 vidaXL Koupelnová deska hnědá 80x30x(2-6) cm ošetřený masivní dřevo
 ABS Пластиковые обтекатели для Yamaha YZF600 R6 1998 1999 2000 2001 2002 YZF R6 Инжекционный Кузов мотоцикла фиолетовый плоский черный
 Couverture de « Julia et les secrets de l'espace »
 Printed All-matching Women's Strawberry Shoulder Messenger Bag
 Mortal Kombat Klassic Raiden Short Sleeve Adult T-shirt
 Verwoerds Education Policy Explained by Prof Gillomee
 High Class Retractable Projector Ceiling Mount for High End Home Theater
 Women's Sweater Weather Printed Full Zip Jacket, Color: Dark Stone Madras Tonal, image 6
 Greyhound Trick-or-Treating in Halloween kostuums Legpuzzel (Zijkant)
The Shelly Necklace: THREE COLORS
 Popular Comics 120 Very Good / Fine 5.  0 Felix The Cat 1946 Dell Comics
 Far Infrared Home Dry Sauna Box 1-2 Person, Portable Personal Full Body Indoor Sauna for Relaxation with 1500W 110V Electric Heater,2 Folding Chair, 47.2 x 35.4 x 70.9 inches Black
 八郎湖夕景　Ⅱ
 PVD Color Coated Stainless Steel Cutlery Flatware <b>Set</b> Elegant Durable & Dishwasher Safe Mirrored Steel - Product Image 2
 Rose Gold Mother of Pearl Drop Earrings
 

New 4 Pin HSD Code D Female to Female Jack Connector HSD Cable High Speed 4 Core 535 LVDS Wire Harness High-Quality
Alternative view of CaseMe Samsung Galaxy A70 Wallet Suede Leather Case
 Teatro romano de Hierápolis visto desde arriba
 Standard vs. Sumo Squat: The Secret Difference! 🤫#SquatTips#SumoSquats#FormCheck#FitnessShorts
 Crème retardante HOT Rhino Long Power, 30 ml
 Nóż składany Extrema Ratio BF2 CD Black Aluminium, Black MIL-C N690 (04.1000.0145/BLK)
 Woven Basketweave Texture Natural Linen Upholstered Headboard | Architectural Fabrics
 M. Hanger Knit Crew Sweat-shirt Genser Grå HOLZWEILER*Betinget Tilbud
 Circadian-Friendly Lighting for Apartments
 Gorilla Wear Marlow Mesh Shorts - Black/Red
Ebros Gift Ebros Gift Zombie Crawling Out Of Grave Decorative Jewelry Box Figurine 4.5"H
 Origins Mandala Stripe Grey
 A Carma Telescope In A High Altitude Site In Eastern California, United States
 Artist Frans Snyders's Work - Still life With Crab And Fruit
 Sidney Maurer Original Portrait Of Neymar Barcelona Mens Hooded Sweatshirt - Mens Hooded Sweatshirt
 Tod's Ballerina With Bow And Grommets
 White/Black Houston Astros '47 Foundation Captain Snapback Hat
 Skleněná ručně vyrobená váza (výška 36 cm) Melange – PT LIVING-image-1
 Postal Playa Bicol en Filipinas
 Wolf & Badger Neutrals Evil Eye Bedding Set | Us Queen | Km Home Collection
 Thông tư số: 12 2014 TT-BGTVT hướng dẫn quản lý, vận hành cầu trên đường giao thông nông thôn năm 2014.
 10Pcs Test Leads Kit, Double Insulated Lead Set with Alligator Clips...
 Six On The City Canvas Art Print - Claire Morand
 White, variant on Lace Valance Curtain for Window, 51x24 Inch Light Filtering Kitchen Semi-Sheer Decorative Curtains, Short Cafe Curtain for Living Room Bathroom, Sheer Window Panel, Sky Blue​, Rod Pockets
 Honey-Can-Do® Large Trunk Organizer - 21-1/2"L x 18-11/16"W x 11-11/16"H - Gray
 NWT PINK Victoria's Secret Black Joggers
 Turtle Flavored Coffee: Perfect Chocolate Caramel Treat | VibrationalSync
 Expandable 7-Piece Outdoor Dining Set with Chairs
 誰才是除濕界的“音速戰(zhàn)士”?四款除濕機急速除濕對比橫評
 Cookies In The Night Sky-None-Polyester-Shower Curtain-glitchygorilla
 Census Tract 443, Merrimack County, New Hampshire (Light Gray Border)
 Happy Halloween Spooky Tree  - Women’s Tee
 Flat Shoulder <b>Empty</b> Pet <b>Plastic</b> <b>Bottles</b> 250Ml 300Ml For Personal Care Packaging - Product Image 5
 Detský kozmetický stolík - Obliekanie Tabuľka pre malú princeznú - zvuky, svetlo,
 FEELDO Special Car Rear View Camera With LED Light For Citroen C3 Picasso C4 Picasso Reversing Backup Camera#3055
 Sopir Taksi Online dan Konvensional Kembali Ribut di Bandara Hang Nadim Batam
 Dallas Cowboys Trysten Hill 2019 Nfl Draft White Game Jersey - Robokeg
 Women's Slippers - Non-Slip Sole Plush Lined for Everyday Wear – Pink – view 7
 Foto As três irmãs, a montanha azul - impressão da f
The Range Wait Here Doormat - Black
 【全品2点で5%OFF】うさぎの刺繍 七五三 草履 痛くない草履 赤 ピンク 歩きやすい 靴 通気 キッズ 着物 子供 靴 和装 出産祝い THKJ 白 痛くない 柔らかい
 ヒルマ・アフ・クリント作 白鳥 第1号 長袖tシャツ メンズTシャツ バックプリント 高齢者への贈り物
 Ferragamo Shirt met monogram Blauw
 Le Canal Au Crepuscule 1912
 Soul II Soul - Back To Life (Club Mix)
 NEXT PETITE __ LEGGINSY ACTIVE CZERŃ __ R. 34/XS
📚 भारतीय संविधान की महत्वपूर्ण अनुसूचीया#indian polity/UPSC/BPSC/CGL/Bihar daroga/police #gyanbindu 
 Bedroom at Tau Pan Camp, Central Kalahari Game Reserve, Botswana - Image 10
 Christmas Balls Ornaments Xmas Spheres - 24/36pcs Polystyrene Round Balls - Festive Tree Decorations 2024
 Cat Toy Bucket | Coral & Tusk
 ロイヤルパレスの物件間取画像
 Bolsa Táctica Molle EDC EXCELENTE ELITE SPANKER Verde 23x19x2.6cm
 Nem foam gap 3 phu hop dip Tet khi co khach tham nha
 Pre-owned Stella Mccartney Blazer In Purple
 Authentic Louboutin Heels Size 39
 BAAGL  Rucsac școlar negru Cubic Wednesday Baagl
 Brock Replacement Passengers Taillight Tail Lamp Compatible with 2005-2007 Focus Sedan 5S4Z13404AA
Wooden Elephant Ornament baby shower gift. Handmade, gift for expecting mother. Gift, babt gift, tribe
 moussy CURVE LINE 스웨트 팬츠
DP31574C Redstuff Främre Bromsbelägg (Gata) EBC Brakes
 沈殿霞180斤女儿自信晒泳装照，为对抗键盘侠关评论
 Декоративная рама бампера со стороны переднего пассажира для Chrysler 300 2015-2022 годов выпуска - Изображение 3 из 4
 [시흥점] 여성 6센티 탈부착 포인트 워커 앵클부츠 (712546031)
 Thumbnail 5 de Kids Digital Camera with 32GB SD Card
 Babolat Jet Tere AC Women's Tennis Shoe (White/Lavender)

YOUR GOAL: Write every line of the material out again exactly.

TASK OUTPUT:
 vidaXL Koupelnová deska hnědá 80x30x(2-6) cm ošetřený masivní dřevo
 ABS Пластиковые обтекатели для Yamaha YZF600 R6 1998 1999 2000 2001 2002 YZF R6 Инжекционный Кузов мотоцикла фиолетовый плоский черный
 Couverture de « Julia et les secrets de l'espace »
 Printed All-matching Women's Strawberry Shoulder Messenger Bag
 Mortal Kombat Klassic Raiden Short Sleeve Adult T-shirt
 Verwoerds Education Policy Explained by Prof Gillomee
 High Class Retractable Projector Ceiling Mount for High End Home Theater
 Women's Sweater Weather Printed Full Zip Jacket, Color: Dark Stone Madras Tonal, image 6
 Greyhound Trick-or-Treating in Halloween kostuums Legpuzzel (Zijkant)
The Shelly Necklace: THREE COLORS
 Popular Comics 120 Very Good / Fine 5.  0 Felix The Cat 1946 Dell Comics
 Far Infrared Home Dry Sauna Box 1-2 Person, Portable Personal Full Body Indoor Sauna for Relaxation with 1500W 110V Electric Heater,2 Folding Chair, 47.2 x 35.4 x 70.9 inches Black
 八郎湖夕景　Ⅱ
 PVD Color Coated Stainless Steel Cutlery Flatware <b>Set</b> Elegant Durable & Dishwasher Safe Mirrored Steel - Product Image 2
 Rose Gold Mother of Pearl Drop Earrings
 

New 4 Pin HSD Code D Female to Female Jack Connector HSD Cable High Speed 4 Core 535 LVDS Wire Harness High-Quality
Alternative view of CaseMe Samsung Galaxy A70 Wallet Suede Leather Case
 Teatro romano de Hierápolis visto desde arriba
 Standard vs. Sumo Squat: The Secret Difference! 🤫#SquatTips#SumoSquats#FormCheck#FitnessShorts
 Crème retardante HOT Rhino Long Power, 30 ml
 Nóż składany Extrema Ratio BF2 CD Black Aluminium, Black MIL-C N690 (04.1000.0145/BLK)
 Woven Basketweave Texture Natural Linen Upholstered Headboard | Architectural Fabrics
 M. Hanger Knit Crew Sweat-shirt Genser Grå HOLZWEILER*Betinget Tilbud
 Circadian-Friendly Lighting for Apartments
 Gorilla Wear Marlow Mesh Shorts - Black/Red
Ebros Gift Ebros Gift Zombie Crawling Out Of Grave Decorative Jewelry Box Figurine 4.5"H
 Origins Mandala Stripe Grey
 A Carma Telescope In A High Altitude Site In Eastern California, United States
 Artist Frans Snyders's Work - Still life With Crab And Fruit
 Sidney Maurer Original Portrait Of Neymar Barcelona Mens Hooded Sweatshirt - Mens Hooded Sweatshirt
 Tod's Ballerina With Bow And Grommets
 White/Black Houston Astros '47 Foundation Captain Snapback Hat
 Skleněná ručně vyrobená váza (výška 36 cm) Melange – PT LIVING-image-1
 Postal Playa Bicol en Filipinas
 Wolf & Badger Neutrals Evil Eye Bedding Set | Us Queen | Km Home Collection
 Thông tư số: 12 2014 TT-BGTVT hướng dẫn quản lý, vận hành cầu trên đường giao thông nông thôn năm 2014.
 10Pcs Test Leads Kit, Double Insulated Lead Set with Alligator Clips...
 Six On The City Canvas Art Print - Claire Morand
 White, variant on Lace Valance Curtain for Window, 51x24 Inch Light Filtering Kitchen Semi-Sheer Decorative Curtains, Short Cafe Curtain for Living Room Bathroom, Sheer Window Panel, Sky Blue​, Rod Pockets
 Honey-Can-Do® Large Trunk Organizer - 21-1/2"L x 18-11/16"W x 11-11/16"H - Gray
 NWT PINK Victoria's Secret Black Joggers
 Turtle Flavored Coffee: Perfect Chocolate Caramel Treat | VibrationalSync
 Expandable 7-Piece Outdoor Dining Set with Chairs
 誰才是除濕界的“音速戰(zhàn)士”?四款除濕機急速除濕對比橫評
 Cookies In The Night Sky-None-Polyester-Shower Curtain-glitchygorilla
 Census Tract 443, Merrimack County, New Hampshire (Light Gray Border)
 Happy Halloween Spooky Tree  - Women’s Tee
 Flat Shoulder <b>Empty</b> Pet <b>Plastic</b> <b>Bottles</b> 250Ml 300Ml For Personal Care Packaging - Product Image 5
 Detský kozmetický stolík - Obliekanie Tabuľka pre malú princeznú - zvuky, svetlo,
 FEELDO Special Car Rear View Camera With LED Light For Citroen C3 Picasso C4 Picasso Reversing Backup Camera#3055
 Sopir Taksi Online dan Konvensional Kembali Ribut di Bandara Hang Nadim Batam
 Dallas Cowboys Trysten Hill 2019 Nfl Draft White Game Jersey - Robokeg
 Women's Slippers - Non-Slip Sole Plush Lined for Everyday Wear – Pink – view 7
 Foto As três irmãs, a montanha azul - impressão da f
The Range Wait Here Doormat - Black
 【全品2点で5%OFF】うさぎの刺繍 七五三 草履 痛くない草履 赤 ピンク 歩きやすい 靴 通気 キッズ 着物 子供 靴 和装 出産祝い THKJ 白 痛くない 柔らかい
 ヒルマ・アフ・クリント作 白鳥 第1号 長袖tシャツ メンズTシャツ バックプリント 高齢者への贈り物
 Ferragamo Shirt met monogram Blauw
 Le Canal Au Crepuscule 1912
 Soul II Soul - Back To Life (Club Mix)
 NEXT PETITE __ LEGGINSY ACTIVE CZERŃ __ R. 34/XS
📚 भारतीय संविधान की महत्वपूर्ण अनुसूचीया#indian polity/UPSC/BPSC/CGL/Bihar daroga/police #gyanbindu 
 Bedroom at Tau Pan Camp, Central Kalahari Game Reserve, Botswana - Image 10
 Christmas Balls Ornaments Xmas Spheres - 24/36pcs Polystyrene Round Balls - Festive Tree Decorations 2024
 Cat Toy Bucket | Coral & Tusk
 ロイヤルパレスの物件間取画像
 Bolsa Táctica Molle EDC EXCELENTE ELITE SPANKER Verde 23x19x2.6cm
 Nem foam gap 3 phu hop dip Tet khi co khach tham nha
 Pre-owned Stella Mccartney Blazer In Purple
 Authentic Louboutin Heels Size 39
 BAAGL  Rucsac școlar negru Cubic Wednesday Baagl
 Brock Replacement Passengers Taillight Tail Lamp Compatible with 2005-2007 Focus Sedan 5S4Z13404AA
Wooden Elephant Ornament baby shower gift. Handmade, gift for expecting mother. Gift, babt gift, tribe
 moussy CURVE LINE 스웨트 팬츠
DP31574C Redstuff Främre Bromsbelägg (Gata) EBC Brakes
 沈殿霞180斤女儿自信晒泳装照，为对抗键盘侠关评论
 Декоративная рама бампера со стороны переднего пассажира для Chrysler 300 2015-2022 годов выпуска - Изображение 3 из 4
 [시흥점] 여성 6센티 탈부착 포인트 워커 앵클부츠 (712546031)
 Thumbnail 5 de Kids Digital Camera with 32GB SD Card
 Babolat Jet Tere AC Women's Tennis Shoe (White/Lavender)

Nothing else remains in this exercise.